We are coming up to the first anniversary of my Dad's ultimately fatal fall. My cat died on Christmas morning. My father passed away two weeks after that, on my mother's birthday. This has been a year of grief and getting used to life without Bella and without Dad.
It has not been easy on any of us.
Because it is almost time for the first anniversary of my Dad's fall and because I am moving away from the home that I shared with my first ever pet of my own, I am feeling very sentimental and nostalgic.
So, for this post, I think I will come up with several songs to help me remember and mourn and celebrate the lives of these two important souls in my life. Some of these will be funny, some will be sad, and others will be just plain old about Dad.
My father's favorite music was sappy love songs. He loved ABBA more than anything else for some reason. It was not part of the music of his expected timeframe based on his age, but for him, there was no greater musical perfection than The Winner Takes it All. Whenever the Mamma Mia movies are found on television anywhere, my mother still watches them - remembering my Dad and loving all the music. During the last month of his life, Dad watched those movies over and over again. The music therapist who made one visit to him listened to his lecture about ABBA and the significance of their music. My parents were 29 when ABBA won Eurovision, but this music became the most popular music that my parents every listened to...ever.

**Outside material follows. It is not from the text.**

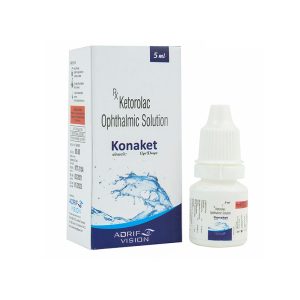 Ophthalmic Solution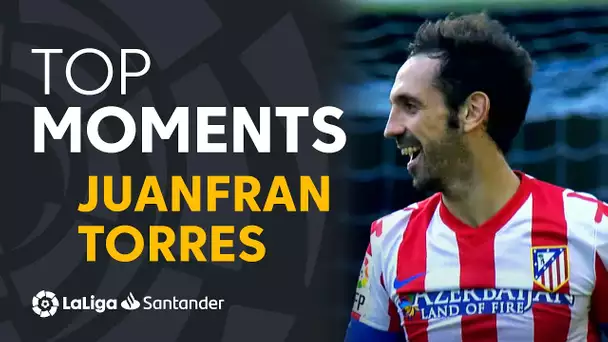 LaLiga Memory: Juanfran Torres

My Mom's musical preferences are groups like the Kingston Trio and the Irish Rovers. Dad was a bit more eclectic in his tastes, but, like I said, sappy love songs were his thing. He associated Unchained Melody with his romance with my mother. She was less tied to the music as "their song," but Dad would steer my Mom around the room whenever he heard the music start off.
One of my favorite memories of my Dad was from before I moved back here to Kansas. We were driving home from his workplace one afternoon, and he pulled up behind me in his car and was singing something. Being my Dad, he did not have a CD player, so I knew he was listening to the radio. I started to search through Dad's typical stations and kept going until I found the match to his singing - the lip synch matched. It was a song that I didn't know, but that I found out later was Someday Soon sung by Judy Collins. The visual of my big, burly Dad singing a song that sounded like Judy Collins struck me as hysterical, so I laughed all the way home.

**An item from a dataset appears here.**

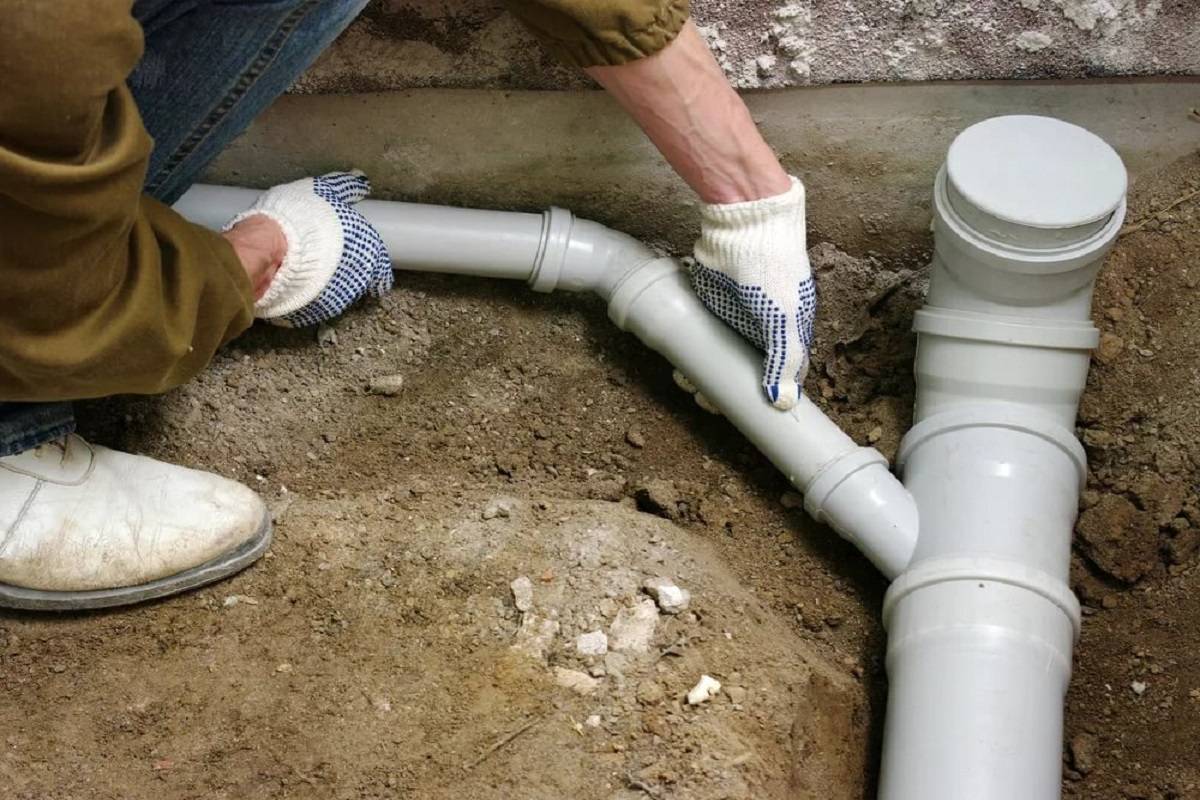 Proper Sewer Design: Guarantee of Efficiency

Now, this song fits within my Dad's expected music exposure and experiences. It was released in 1969 when Dad was 24. It was not a song that he had shared with me. I would have been between 24 and 26 at the time. This song is forever linked with my Dad for me. I will never hear it without giggling about the visual of Dad singing as I listened to Judy Collins.
For my baby cat, the best songs were the whistled ones. She protested every single time I whistled. It was my surefire way of getting attention from the Boo-Belle. If I whistled, she would come. She really "sang" along when I whistled Amazing Grace. I'm not sure why she REALLY responded to that one, but she did. Whenever I whistle, I half expect her to come running to yell at me.
So, my remembrance music consists of ABBA songs, Someday Soon, and whistling.
There you go.
I hope that you have a wonderful Thursday and, if you are in the States, I hope that you can enjoy a good holiday!